I'm looking to create a large number of searches that will identify suspicious security events. An example of the logic would be as follows:
If the number of failed logins from src_ip in the first minute is > 3, set priority to 2. If the number of failed logins from src_ip in the first 3 minutes is > 100, set priority to 5. If the number of failed logins from src_ip in the first to minutes is > 1000, set priority to 9.
This kind of logic would capture a brute force login attack with increasing confidence.
What is the best way to implement something like this without having to schedule hundreds of searches (assuming you want to monitor a large variety of suspicious events)?

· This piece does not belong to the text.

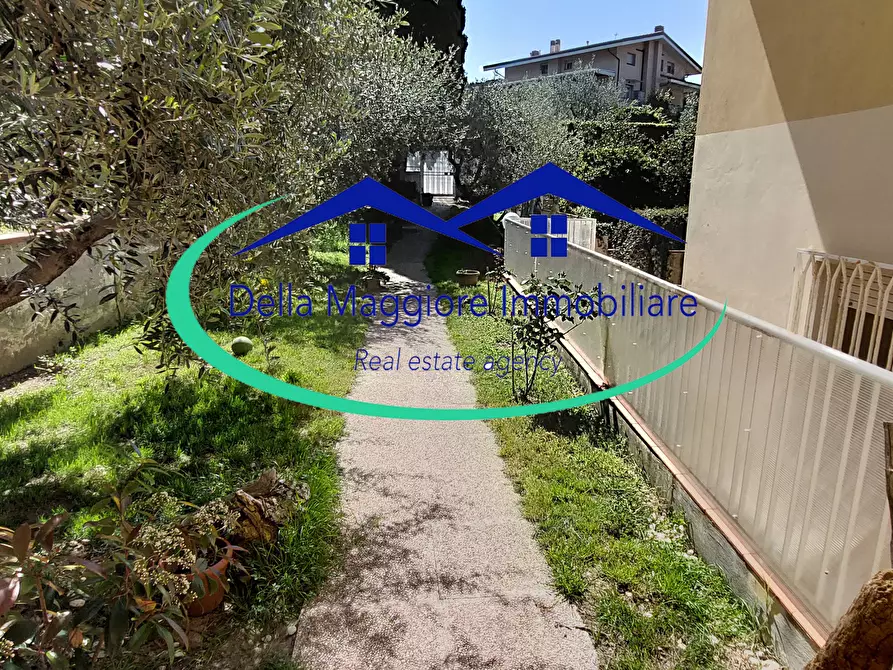 Immagine 12 di Casa bifamiliare in vendita  in piazza delle carrozze 3 a Livorno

I've been experimenting with a search like this:
host="192.168.198.1" earliest=-5m [search * earliest=-5m latest=-4m | stats count by src_ip,dest_ip,dest_port | rename count AS count1] | stats count by src_ip,dest_ip,dest_port | table src_ip,dest_ip,dest_port,count1,count
This search ran for a very, very long time. Far longer than the 5 minutes it was looking at. Would a better approach be to run saved searches that collect stats on the events in question and save them to either a lookup table or summary index for use by other searches that would apply the logic?

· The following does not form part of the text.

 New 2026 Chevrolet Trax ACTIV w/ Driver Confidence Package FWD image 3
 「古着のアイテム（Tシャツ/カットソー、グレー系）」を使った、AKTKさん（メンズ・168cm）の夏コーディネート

Is it possible to run a search with a latest= value that is in the future? I can see implementing something like this: A search runs every minute and checks the event id against a lookup table to see if that event triggers a more complex search. If so, it returns the search string. If there is a match, the event is piped to the search string returned from the lookup table with a latest= value x minutes into the future. That search would run until the latest= value is met and then use eval or stats to apply the logical tests. Ideally that final search could be sent to the background so the next event with a positive match in the lookup table can be processed.
Any help is appreciated.
earliest=-5m "failed login" | timechart count by src_ip | eval minsago=floor((now()-_time)/60) | lookup threshold_table minsago OUTPUT threshold priority | where count > threshold | stats max(priority) as priority by src_ip
And threshold table as:
minsago,threshold,priority 0,3,2 2,100,5 4,1000,9
seems like it would fit the textual description.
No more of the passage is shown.